Extract, from the records beneath this instruction, each line that contains the word "Used".
#### Supplied material
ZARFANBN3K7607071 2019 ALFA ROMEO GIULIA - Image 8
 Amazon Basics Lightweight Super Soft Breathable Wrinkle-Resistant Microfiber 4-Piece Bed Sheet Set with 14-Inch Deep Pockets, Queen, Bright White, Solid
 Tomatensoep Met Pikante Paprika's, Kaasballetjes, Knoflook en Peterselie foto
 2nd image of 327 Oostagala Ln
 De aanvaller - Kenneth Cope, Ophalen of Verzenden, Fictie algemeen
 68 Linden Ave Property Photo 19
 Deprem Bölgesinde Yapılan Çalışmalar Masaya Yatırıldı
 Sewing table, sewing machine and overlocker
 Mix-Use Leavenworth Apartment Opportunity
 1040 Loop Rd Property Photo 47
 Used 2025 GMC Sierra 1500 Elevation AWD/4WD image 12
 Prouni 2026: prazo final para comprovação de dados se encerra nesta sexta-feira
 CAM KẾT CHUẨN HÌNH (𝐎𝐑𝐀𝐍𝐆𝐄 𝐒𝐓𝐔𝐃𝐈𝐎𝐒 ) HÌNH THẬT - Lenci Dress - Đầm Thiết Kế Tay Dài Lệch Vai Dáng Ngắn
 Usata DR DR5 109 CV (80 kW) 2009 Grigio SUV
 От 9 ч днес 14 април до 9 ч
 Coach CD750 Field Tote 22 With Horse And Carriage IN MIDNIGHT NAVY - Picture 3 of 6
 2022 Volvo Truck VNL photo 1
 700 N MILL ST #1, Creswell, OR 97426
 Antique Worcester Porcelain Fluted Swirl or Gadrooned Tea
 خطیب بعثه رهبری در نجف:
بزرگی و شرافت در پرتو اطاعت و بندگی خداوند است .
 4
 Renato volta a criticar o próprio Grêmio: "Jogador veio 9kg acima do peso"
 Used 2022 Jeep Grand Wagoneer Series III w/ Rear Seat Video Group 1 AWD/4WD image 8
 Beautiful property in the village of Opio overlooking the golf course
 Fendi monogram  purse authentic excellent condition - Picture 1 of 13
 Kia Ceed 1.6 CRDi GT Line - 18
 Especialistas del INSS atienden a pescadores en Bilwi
########
### Solution below
 Used 2025 GMC Sierra 1500 Elevation AWD/4WD image 12
 Used 2022 Jeep Grand Wagoneer Series III w/ Rear Seat Video Group 1 AWD/4WD image 8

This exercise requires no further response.